▸ **Collected material**:

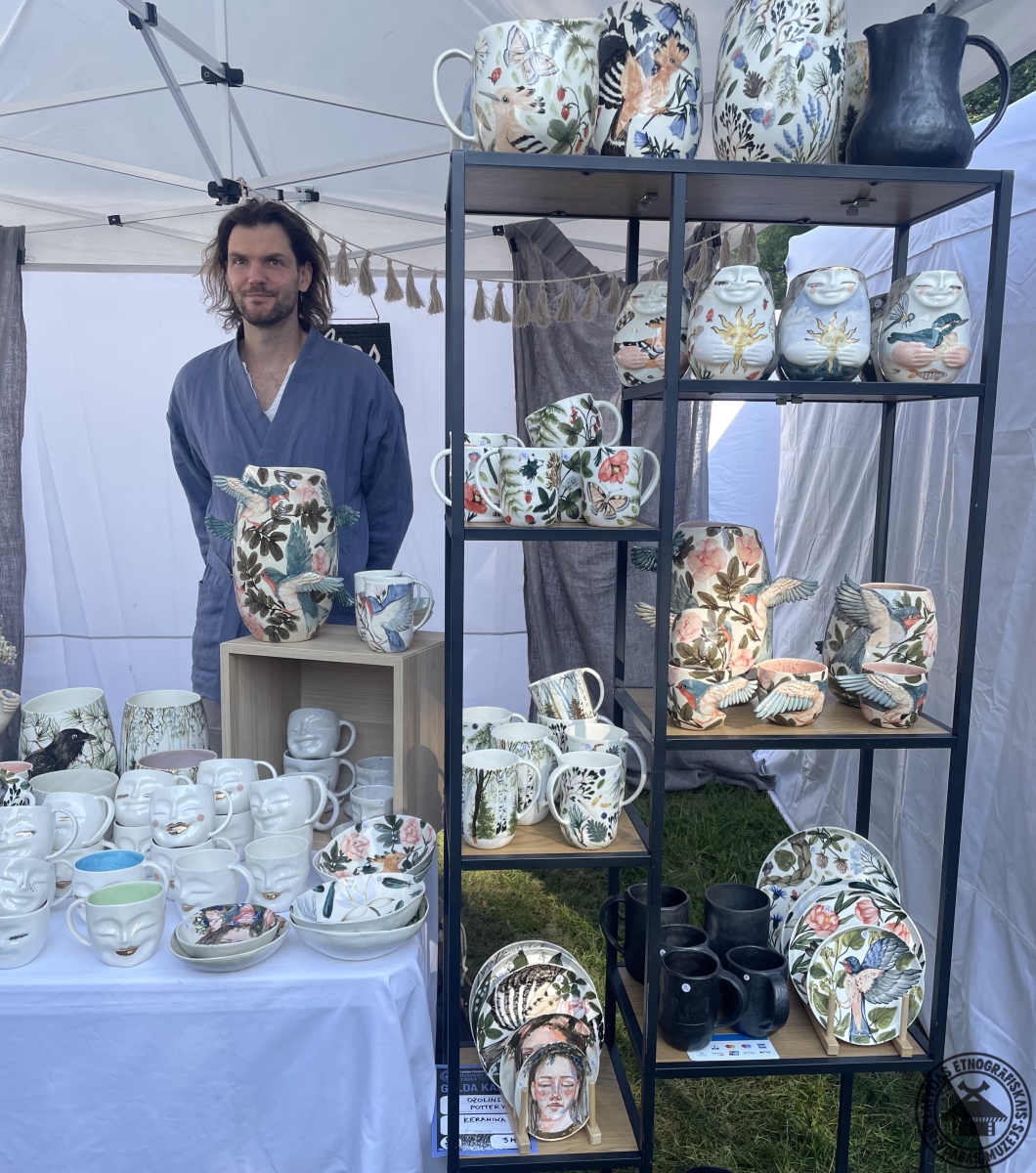Porcelāna meistars prezentē savas smalki apgleznotās kafijas tasītes, krūzes un šķīvjus. 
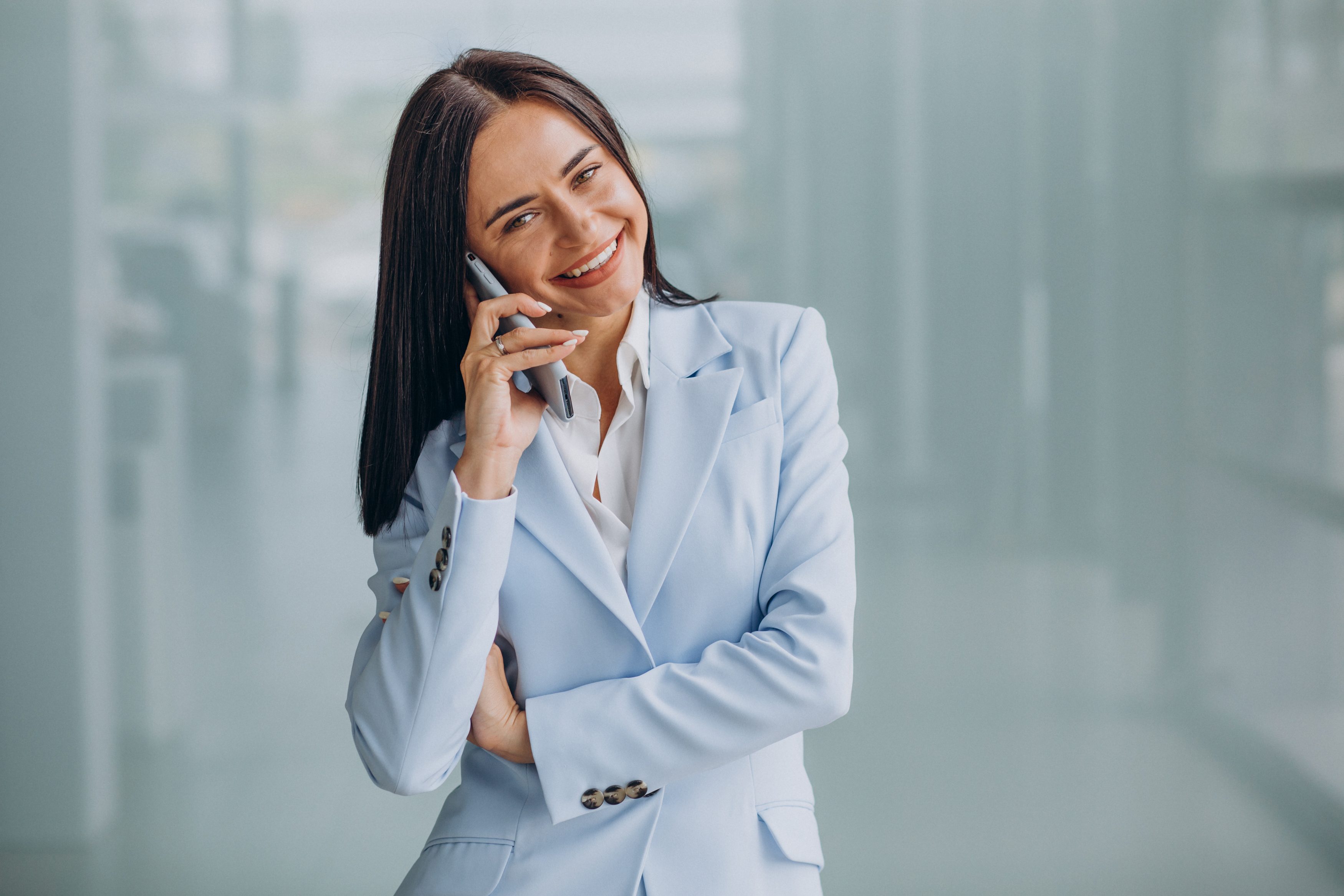 Businesswoman in a light blue suit talking on a smartphone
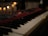 Close-up of a vintage synthesizer and drum kit in a warmly lit studio environment.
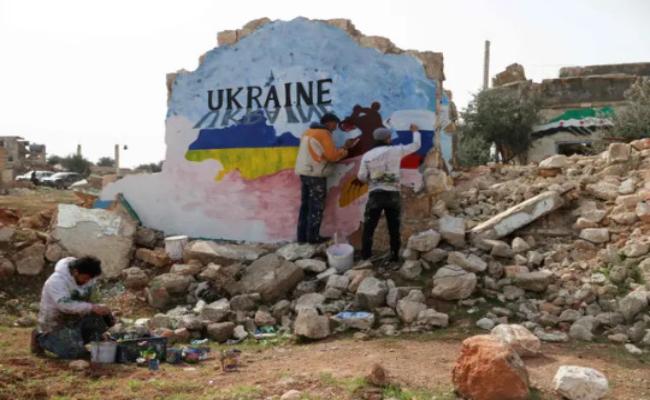 Syrians protesting Russian war on Ukraine though a mural painting Syrians protesting Russian war on Ukraine though a mural painting - Sakshi Post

▸ **Exercise prompt**: Drop the pictures and reproduce the rest of the data exactly.

▸ **Your response**:
Porcelāna meistars prezentē savas smalki apgleznotās kafijas tasītes, krūzes un šķīvjus. 
 Businesswoman in a light blue suit talking on a smartphone
 Close-up of a vintage synthesizer and drum kit in a warmly lit studio environment.
 Syrians protesting Russian war on Ukraine though a mural painting Syrians protesting Russian war on Ukraine though a mural painting - Sakshi Post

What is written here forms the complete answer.